Katie Vaz: My Life in Plants

I love plants.

They exist as personal metaphors for me; and as well, gardening is a hobby of mine, after studying and dealing with a fair bit of them during my university days as a landscape architect. Suffice to say, when it comes to plants, I do have a soft spot for them.

So when Katie Vaz sent me an email to let me know about the release of her new book, My Life in Plants, I was curious. I wanted to learn more about Katie’s process and journey, and requested an email interview, to which she’s obliged! Read on to find out more about Katie and how a personal project that she started in 2017, came full circle and became her fourth book.

Hi Katie! Could you tell us a bit more about your background, and how you got into illustration?

I’ve loved drawing for fun since I was a little kid. I decided to study graphic design in college because it seemed like a decent field to get into where I could still be creative.
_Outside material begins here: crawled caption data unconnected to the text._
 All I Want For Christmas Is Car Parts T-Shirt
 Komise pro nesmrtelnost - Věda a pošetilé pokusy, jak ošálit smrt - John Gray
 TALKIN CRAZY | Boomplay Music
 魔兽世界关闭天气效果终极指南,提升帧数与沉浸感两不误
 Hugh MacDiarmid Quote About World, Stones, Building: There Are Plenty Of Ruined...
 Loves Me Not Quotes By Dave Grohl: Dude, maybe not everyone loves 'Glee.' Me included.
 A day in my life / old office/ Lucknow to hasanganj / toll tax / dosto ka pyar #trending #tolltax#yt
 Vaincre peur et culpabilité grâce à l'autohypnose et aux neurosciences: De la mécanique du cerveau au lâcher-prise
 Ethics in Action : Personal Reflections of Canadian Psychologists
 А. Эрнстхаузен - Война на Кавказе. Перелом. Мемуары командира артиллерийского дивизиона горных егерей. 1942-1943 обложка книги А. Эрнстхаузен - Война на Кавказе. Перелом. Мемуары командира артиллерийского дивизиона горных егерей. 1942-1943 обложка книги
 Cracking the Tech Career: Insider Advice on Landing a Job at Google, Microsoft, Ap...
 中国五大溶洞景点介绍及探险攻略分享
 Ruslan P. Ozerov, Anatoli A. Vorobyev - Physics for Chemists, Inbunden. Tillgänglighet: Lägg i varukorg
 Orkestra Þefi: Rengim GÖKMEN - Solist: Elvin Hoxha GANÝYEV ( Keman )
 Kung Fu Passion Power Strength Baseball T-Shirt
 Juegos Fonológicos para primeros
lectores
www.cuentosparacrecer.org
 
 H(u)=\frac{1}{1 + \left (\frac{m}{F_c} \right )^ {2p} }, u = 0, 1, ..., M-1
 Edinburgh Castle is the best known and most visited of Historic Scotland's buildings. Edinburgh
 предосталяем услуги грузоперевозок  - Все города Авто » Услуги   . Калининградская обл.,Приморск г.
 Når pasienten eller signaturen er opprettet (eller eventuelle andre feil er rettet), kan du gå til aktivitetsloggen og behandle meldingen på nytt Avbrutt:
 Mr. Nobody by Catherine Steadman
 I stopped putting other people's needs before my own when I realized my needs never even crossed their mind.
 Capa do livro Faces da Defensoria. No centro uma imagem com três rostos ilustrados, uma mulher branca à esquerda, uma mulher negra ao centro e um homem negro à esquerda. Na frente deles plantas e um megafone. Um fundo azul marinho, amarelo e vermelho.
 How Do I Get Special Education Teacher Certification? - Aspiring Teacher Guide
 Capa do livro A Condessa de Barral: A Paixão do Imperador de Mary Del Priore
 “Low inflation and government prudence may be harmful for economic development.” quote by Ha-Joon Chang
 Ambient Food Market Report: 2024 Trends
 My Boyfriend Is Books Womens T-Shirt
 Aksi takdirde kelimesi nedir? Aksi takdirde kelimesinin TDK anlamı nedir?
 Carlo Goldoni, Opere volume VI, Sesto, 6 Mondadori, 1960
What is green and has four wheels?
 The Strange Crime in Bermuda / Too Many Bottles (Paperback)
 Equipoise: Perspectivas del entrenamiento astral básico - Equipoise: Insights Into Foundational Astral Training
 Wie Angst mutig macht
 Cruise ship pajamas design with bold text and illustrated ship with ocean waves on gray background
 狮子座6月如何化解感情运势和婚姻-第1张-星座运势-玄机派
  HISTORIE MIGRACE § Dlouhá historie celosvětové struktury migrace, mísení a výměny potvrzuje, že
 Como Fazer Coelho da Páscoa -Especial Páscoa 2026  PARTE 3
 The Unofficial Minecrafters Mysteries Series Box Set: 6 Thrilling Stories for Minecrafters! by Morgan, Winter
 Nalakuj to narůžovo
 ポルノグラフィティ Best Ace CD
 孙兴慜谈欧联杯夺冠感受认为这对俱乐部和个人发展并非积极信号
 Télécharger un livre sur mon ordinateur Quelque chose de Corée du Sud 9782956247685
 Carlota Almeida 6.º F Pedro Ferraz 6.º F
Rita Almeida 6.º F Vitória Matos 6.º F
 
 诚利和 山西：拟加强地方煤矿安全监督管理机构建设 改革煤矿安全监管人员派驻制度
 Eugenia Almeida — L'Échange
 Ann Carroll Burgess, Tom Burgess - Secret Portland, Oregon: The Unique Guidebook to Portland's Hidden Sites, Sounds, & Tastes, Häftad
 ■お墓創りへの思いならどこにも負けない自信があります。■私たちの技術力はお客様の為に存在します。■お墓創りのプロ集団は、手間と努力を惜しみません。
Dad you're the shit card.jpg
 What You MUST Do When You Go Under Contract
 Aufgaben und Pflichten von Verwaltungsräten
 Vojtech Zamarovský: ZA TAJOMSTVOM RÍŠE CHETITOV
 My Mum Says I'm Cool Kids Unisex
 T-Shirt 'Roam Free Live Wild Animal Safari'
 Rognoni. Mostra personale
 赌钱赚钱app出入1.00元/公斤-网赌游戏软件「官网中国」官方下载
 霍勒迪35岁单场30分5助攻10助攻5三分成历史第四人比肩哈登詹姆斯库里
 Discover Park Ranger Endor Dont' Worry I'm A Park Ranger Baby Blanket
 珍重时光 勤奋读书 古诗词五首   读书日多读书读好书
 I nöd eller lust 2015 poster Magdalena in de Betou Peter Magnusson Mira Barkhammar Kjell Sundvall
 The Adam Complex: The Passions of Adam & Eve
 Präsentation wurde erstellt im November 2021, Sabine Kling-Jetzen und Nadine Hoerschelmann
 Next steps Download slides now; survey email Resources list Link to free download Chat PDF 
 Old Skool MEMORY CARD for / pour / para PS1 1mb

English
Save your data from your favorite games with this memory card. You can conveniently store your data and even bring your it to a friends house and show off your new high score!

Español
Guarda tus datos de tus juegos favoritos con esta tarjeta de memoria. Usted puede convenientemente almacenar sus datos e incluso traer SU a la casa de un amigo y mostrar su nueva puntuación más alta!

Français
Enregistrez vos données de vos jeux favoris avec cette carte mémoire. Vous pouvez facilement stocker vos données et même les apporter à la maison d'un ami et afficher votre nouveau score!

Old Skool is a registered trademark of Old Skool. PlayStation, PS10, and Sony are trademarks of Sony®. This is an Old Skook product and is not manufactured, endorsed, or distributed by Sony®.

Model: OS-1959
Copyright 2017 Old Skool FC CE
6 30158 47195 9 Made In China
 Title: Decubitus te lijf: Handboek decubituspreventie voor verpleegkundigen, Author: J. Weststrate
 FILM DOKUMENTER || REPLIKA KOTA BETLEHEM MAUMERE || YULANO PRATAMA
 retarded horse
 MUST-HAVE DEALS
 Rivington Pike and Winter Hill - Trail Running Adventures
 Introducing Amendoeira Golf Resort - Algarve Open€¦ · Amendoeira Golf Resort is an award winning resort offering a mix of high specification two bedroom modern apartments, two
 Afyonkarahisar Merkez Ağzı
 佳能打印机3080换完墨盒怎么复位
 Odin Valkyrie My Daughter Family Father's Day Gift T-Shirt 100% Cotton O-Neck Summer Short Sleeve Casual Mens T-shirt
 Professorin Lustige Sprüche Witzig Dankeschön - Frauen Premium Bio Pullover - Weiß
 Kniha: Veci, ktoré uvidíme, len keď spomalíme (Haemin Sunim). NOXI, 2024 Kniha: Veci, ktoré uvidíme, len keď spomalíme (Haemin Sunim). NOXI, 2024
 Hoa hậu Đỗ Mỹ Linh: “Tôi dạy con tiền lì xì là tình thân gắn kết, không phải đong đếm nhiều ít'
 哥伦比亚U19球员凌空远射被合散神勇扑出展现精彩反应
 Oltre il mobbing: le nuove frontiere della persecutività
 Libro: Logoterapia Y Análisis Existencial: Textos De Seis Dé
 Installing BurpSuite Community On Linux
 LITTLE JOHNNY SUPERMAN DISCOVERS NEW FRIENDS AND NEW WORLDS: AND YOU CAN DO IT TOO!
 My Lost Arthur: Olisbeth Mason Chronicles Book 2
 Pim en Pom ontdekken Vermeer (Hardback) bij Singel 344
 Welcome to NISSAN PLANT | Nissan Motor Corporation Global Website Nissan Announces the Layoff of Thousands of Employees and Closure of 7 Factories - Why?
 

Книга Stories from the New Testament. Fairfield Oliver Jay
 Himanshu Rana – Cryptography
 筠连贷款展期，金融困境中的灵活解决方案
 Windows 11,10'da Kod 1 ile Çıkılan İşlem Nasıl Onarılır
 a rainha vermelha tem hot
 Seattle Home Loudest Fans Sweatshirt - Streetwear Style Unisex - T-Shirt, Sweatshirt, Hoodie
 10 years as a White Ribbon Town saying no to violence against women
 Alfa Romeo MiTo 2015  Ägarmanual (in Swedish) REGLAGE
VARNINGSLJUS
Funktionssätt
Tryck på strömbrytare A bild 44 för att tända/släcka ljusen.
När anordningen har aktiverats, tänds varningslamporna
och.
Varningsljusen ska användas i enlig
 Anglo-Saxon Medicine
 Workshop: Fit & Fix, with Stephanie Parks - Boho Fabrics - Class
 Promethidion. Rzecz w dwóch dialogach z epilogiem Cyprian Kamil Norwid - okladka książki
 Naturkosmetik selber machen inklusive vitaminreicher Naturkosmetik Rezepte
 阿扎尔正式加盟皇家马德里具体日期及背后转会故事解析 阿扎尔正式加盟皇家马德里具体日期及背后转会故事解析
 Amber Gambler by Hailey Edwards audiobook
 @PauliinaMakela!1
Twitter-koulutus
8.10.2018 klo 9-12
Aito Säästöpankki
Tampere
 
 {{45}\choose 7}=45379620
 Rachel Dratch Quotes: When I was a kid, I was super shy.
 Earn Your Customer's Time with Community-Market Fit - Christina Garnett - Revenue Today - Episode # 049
I got a bachelor’s degree in graphic design from the Rochester Institute of Technology in Rochester, NY.

I was planning on moving to New York City to get a job afterward, but my dad passed away a month before I graduated and it threw all of my plans out the window. My world had flipped upside down and I no longer felt grounded with any sort of plan. I decided to apply to a graduate design school in Germany and the reason for that big change was a combination of wanting to: escape my current reality, make up for never studying abroad during undergrad, and partly follow a boyfriend who was moving to France for school at the time.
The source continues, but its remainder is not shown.